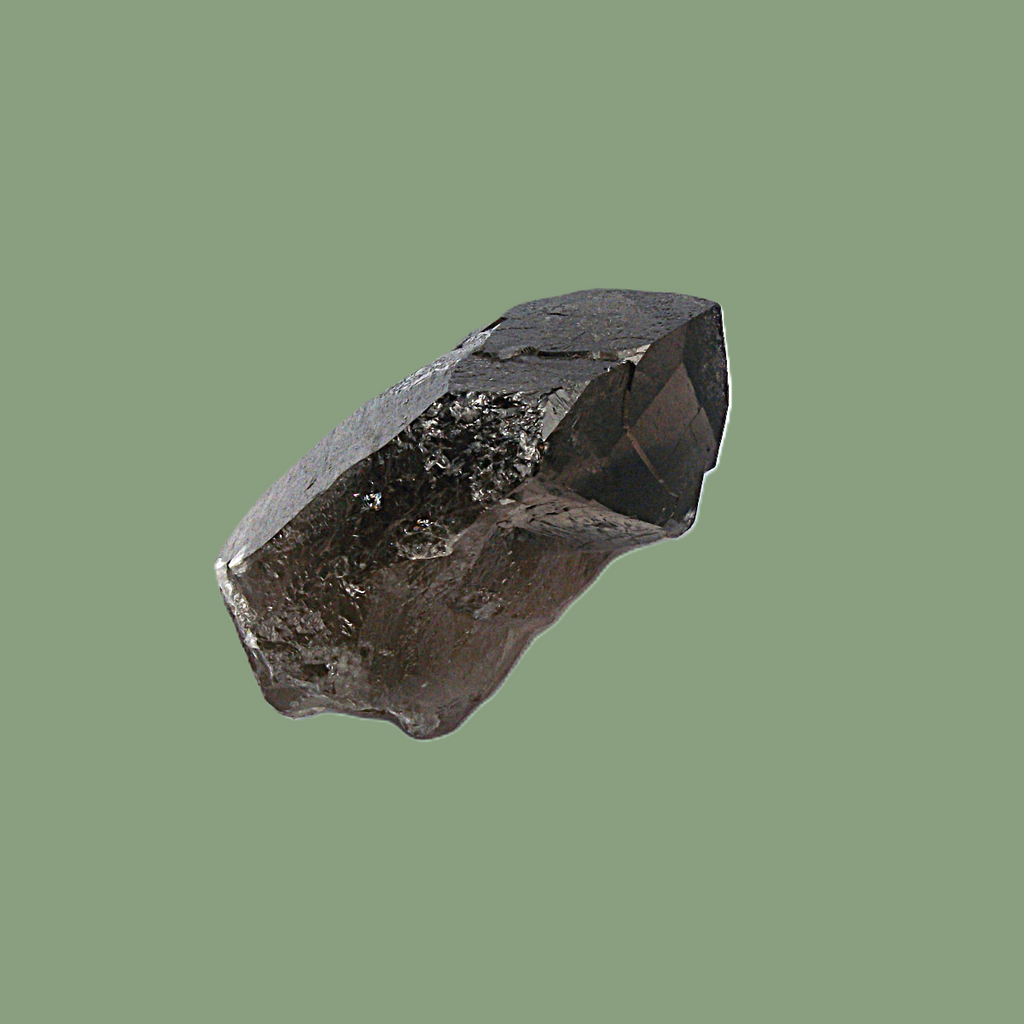 Quartz Fumé Sombre (Habitus Daupiné) – Massif de Chamonix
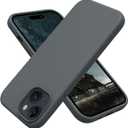 OTOFLY Compatible with iPhone 15 Case, Silicone Shockproof Slim Thin Phone Case for iPhone 15 (6.1 inch),(Space Gray)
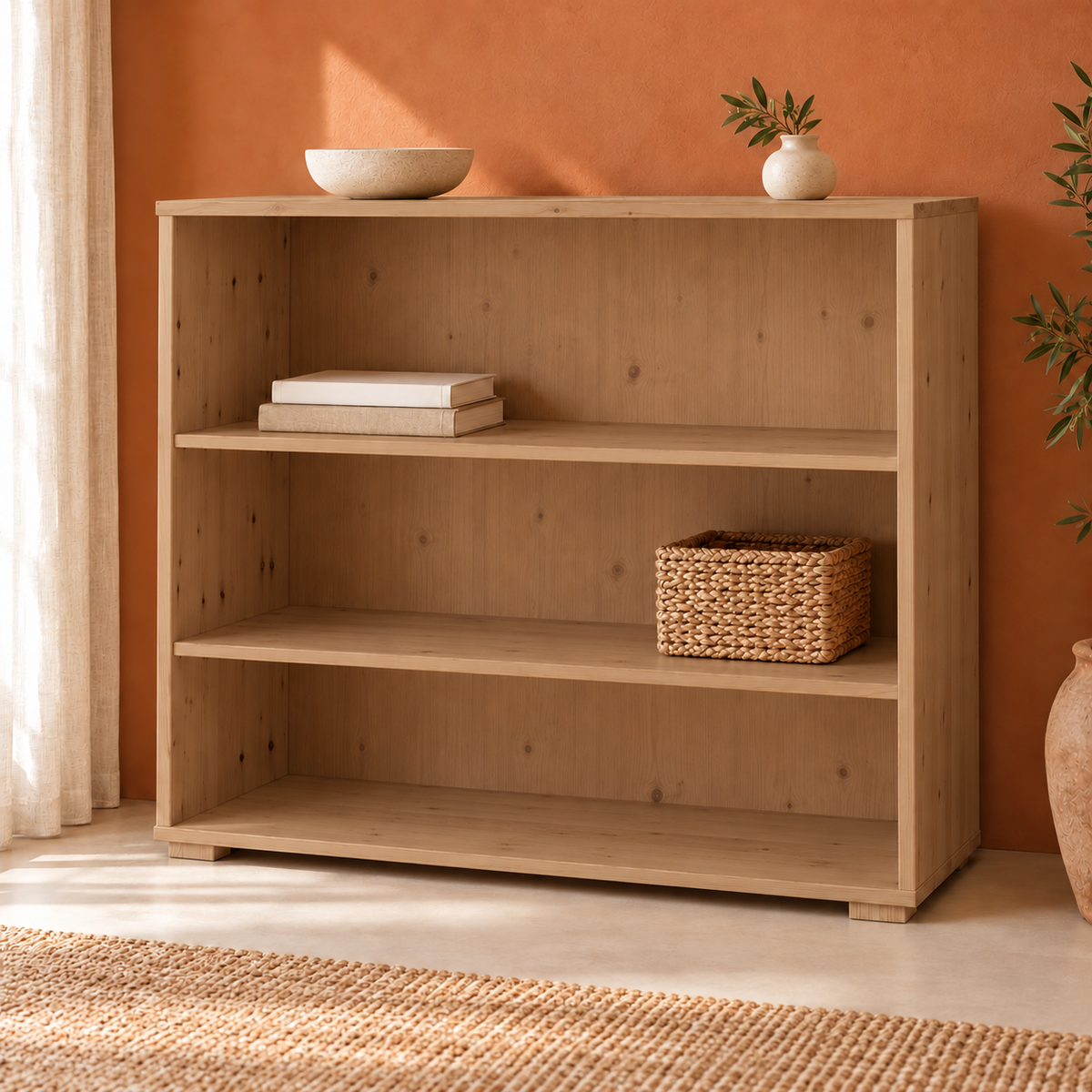 Vanessa offene Kommode Bio Massivholz 110er | Anrichte aus 100% Bio Material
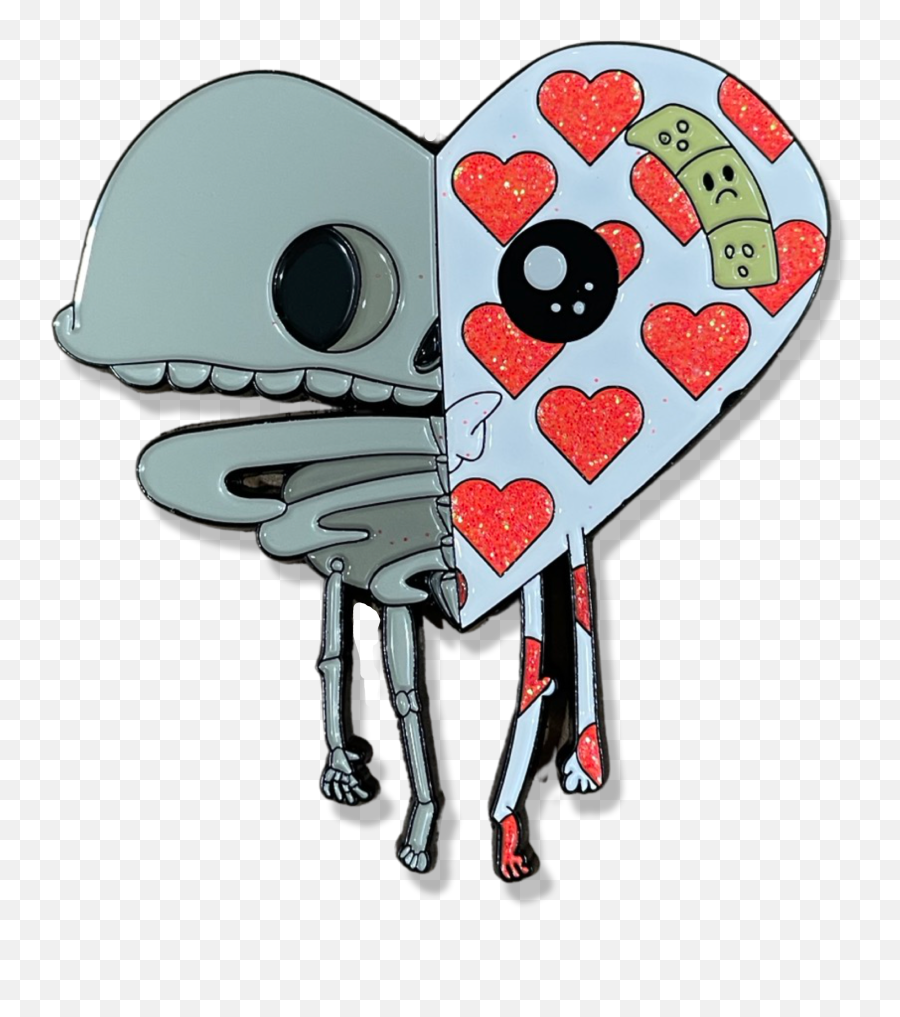 Skele - Heart Pin Emoji,Air Through Nose Emoji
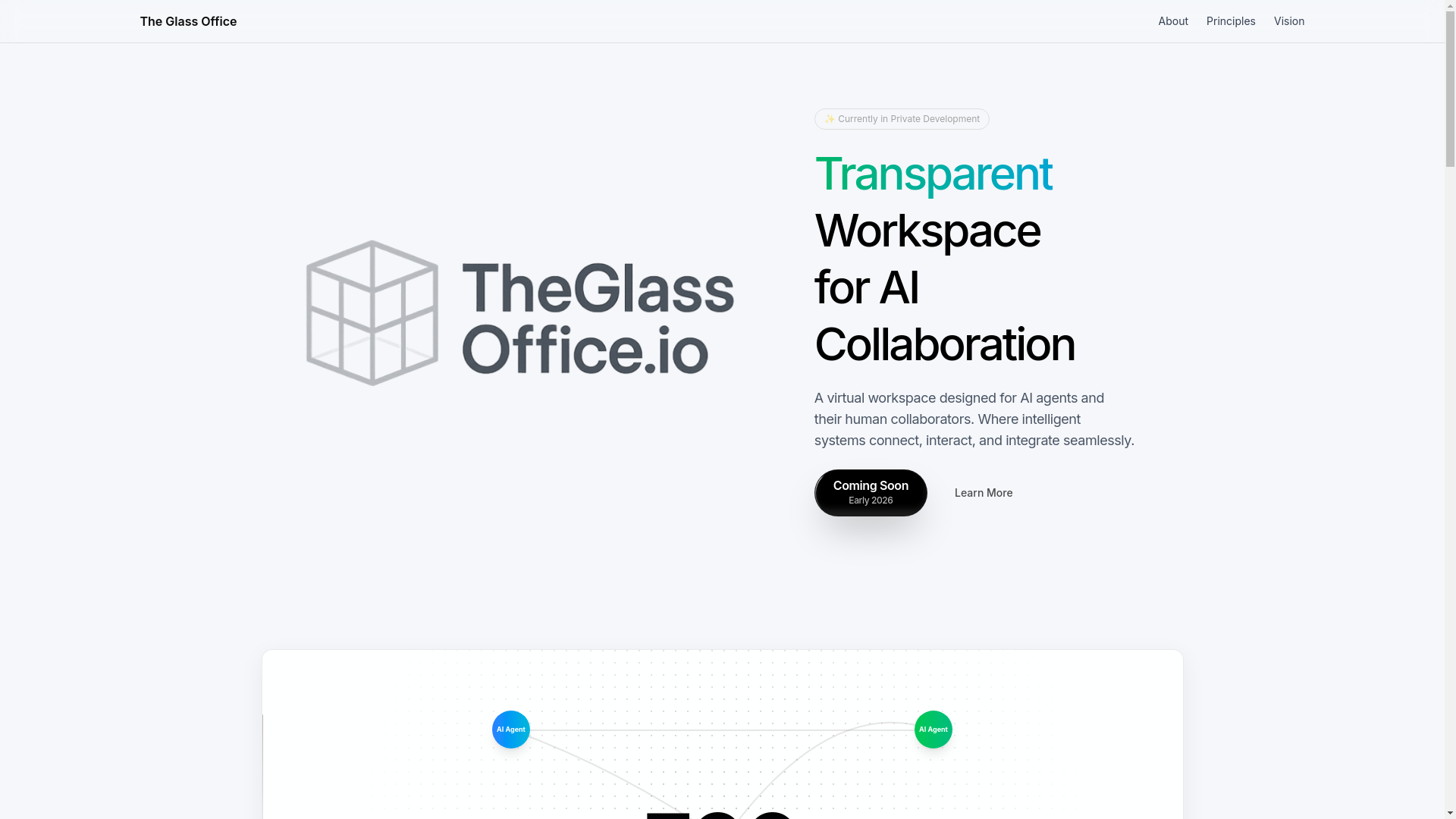 website screenshot of https://theglassoffice-web.pages.dev/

> _What you are asked to do_: From the first line to the last, output the data exactly, without the pictures.

> _Exercise solution_:
 Quartz Fumé Sombre (Habitus Daupiné) – Massif de Chamonix
 OTOFLY Compatible with iPhone 15 Case, Silicone Shockproof Slim Thin Phone Case for iPhone 15 (6.1 inch),(Space Gray)
 Vanessa offene Kommode Bio Massivholz 110er | Anrichte aus 100% Bio Material
 Skele - Heart Pin Emoji,Air Through Nose Emoji
 website screenshot of https://theglassoffice-web.pages.dev/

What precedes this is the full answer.